Преодолеть этот общий психоз говоренья, а не
По весне собираюсь в родную деревню, там у меня есть дом и огород. Поковыряюсь в земле, успокоюсь и, может, отдохну от этой всесокрушающей говорильни и смуты в душе.
Хочется ещё так много сделать, но жизнь наша с Марьей Семёновной очень осложнилась — скоро будет четыре года, как умерла у нас дочь, оставив нам двух детей-сирот. Растить их нынче, да ещё в нашем возрасте и в наше пагубное время, очень тяжело. Это требует сил и времени, а того и другого уже недостаёт. Всё надо делать, и детей растить тоже, вовремя. Но ничего, есть люди, которым ещё труднее, чем нам.
Поздравляю тебя, Збышек, жену твою и близких с праздником весны и Победы! Желаю доброго всем здоровья, а тебе ещё и успехов в труде, вдохновенных встреч. Крепко, по-братски тебя обнимаю. Марья Семёновна, внуки — Витя и Поля — тоже шлют сердечные приветы. Твой Виктор Петрович
5 мая 1991 г.
Красноярск
(адресат не установлен)
Уважаемый Николай Трофимович! Я очень прошу Вас простить меня за то, что так долго не подавал никаких вестей, получив Вашу рукопись. Время моё не просто загружено, а на клочки разорвано и растерзано. Да я ещё и поработать пытаюсь в такое время, когда все охотно говорят о работе и требуют хлеба, желательно с маслом, зрелищ, желательно острых, за разговоры-то.

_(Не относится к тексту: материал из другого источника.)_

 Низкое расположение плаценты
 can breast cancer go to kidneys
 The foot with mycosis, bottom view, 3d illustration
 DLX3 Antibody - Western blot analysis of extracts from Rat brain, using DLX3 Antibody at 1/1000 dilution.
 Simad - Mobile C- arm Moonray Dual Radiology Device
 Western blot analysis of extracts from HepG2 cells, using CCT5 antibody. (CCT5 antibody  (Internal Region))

Рукопись Ваша у меня вызвала почтение уже своим опрятным видом. Терпеть не могу рукописей неряшливых, путаных, невычитанных — это есть самое большое неуважение и к труду своему, и к тому, кто вынужден его читать, часто по слёзной просьбе самого автора.

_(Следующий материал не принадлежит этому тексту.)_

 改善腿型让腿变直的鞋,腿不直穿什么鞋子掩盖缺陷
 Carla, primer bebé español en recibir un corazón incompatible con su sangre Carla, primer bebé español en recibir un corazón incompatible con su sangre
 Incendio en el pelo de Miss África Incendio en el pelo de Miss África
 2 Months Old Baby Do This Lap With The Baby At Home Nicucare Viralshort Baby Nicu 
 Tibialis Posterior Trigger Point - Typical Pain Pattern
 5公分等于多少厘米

Чтение Вашей рукописи оказалось делом долгим и нелёгким. Рукопись эта — одно длинное-предлинное стихотворение, содержащее печальный рассказ об одной очень невесёлой жизни. Перемены ритма, звука, энергии стиха — это, собственно, состояние рассказчика, перемены его настроения, работа сердца, ток крови. Тягостна, конечно, первая половина рукописи о неволе, но кто же о ней весело писал?! В ней самое ценное то, что Вы не впали во зло, в чувство мщения и ненависти. Как писал Шаламов о «своей Колыме» — «это было нашим образом жизни». И это-то и чудовищно, и непостижимо, что жизнь человеческая столкнута в тёмную яму, на самое земное дно, на муки и погибель, но и там, в яме, он, человек, пытается жить, думать, надеяться на лучшее.
То же было и в запасном военном полку, и на фронте, в окопах, то же было и по сёлам войны, и по заводам, и по горьким окраинам социалистических городов. И всюду одна надежда — выжить, а там уж всё будет по-другому. А что будет по-другому? Вернётся молодость? Здоровье? Свет и сила? Восприятие жизни высветлится? Оптимизма прибавится?
Очевидно, во всех заблуждениях и надеждах русского человека и содержится главное его достоинство — великая стойкость. И как удобно оказалось обманывать и эксплуатировать человека с этакой верой и надеждой в сердце! Увы, ничто не вечно под луной, и вера иссякла, вместе с нею исчерпалась и главная сила, может, и могущество нашего народа. Я абсолютно уверен, что то, что мы, русские, перенесли, перетерпели и выдюжили, — никому более не по силам.